Neste sentido o circo "marítimo" poderá já ter existido desde, pelo menos, a municipalização Flávia (que se começa a fazer sentir urbanisticamente a partir de 81) ou no período seguinte de consolidação urbana. 

A localização topográfica do circo - de periferia - relativamente ao núcleo urbano inicial pré-Flávio e de articulação com a expansão hipodâmica atribuida ao período Flávio-Antonino (c. 80-175) sugere um programa urbanístico comum que incluía a cidade e o circo  nestas fases mais precoces.

Se assim for, o registo epigráfico sobrevivente poderá reflectir a resposta política cívica  local às comemorações da vitória de Séptimo Severo, resposta essa fundamentada no boom económico iniciado nesse período e que está amplamente indiciado no registo arqueológico algarvio da primeira metade do séc.
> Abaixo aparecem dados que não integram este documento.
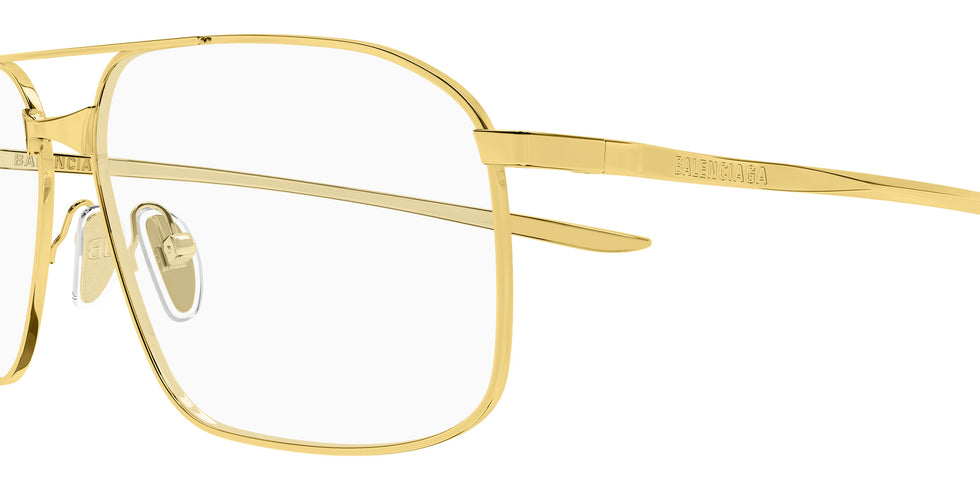 Balenciaga® BB0495O BB0495O 002 61 Eyeglasses - 002-Gold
III, nomeadamente de actividades portuárias, manufactureiras e de import-export, ligadas à Bética, ao Norte de África e a Itália. O complexo de Marim romano (Olhão) é um exemplo paradigmático desta realidade.

A decisão de mudar a localização do circo e construir uma nova estrutura na nova periferia suburbana da cidade, junto à nova necrópole coeva, poderá ter sido tomada muito pouco tempo depois, após um possível episódio destrutivo (portanto entre 195 e 213, altura da reforma monetária de Caracala). A nova construção enquadrar-se-ia assim ainda na nova conjuntura favorável e na necessidade política de legitimização da nova dinastia, que poderá ter contribuído directa ou indirectamente na sua feitura.